The more they stay the same...or you hear about the same issues everywhere you go. Today I took what may be my last trip to a district center in AFG for meetings with the DGOV, NDS, judges, prosecutors, and other line managers. The meetings went the same as they did 6 months ago. We drank chai, I asked a bazillion questions, there were plastic flowers, we had lunch (I think my stomach is stronger 6 months later...), we drank more chai. All in a day's work.
At the end though I met a judge from a new district. I had heard about the judge and actually organized a rather large training event that took place in his district a couple months ago. I sat down next to him and began to talk. Now Afghan interaction with CF women varies a great deal. Most I have found will shake my hand. Some will not. He was the first that I have met that would not even look at me. Needless to say the conversation ended up being rather brief. We did discuss the public trials in his district though because I acknowledged that only his district and the two others I work in throughout the entire province have regularly held public trials. He said they do not have that many cases. I asked if this is because there isn't that much crime in the district or because the investigations do not come to the prosecutor's office. He said there are indeed many criminal complaints and investigations but they are resolved by the AUP or DGOV without being referred to the prosecutor's office. I asked why some cases make it to the prosecutor's office and some do not. Not surprisingly, it's a matter of influence -- those who have influence through either their family connections, village elders, or presumably bribes are able to have cases disposed of without reaching the formal judicial system.

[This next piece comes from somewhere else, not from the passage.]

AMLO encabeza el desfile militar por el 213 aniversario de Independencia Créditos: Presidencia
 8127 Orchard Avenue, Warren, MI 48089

I mention this because it was the first conversation I have had with this judge and even though I am able to report on "good news" fairly regularly through my chain of command, I'm not sure that it matters how many public trials are being held if at the end of the day entry into and access to the justice system is not equal for everyone.
There is no doubt that AFG is going through a transition phase right now -- transition for the CF that is. I'm sure in AFG it feels like nothing but constant change with all of the informal and formal government systems they have had in the last 30 years, the rapid influx of American and coalition forces and dollars, and to Afghans the just as rapid change in how those forces are deployed and dollars spent ("on budget" is the new catchphrase). In some ways I don't fault them for the dysfunction of their government. When CF were throwing money at the problem 6 months ago and are now expressing frustration at their inability to submit peshnehads from the district to the provincial, well who likes rapid changes in the rules of the game?
There really is a point...and it is this. The catch phrase "Afghan problems require Afghan solutions" isn't just a catch phrase. At the end of the day, no matter how long we are here, Afghans will solve the "problems" they view as "problems," and whatever else CF or international watchers view as "problems" that don't really bother Afghans...well there probably isn't going to be a whole lot of movement no matter how much time, money, and blood is invested.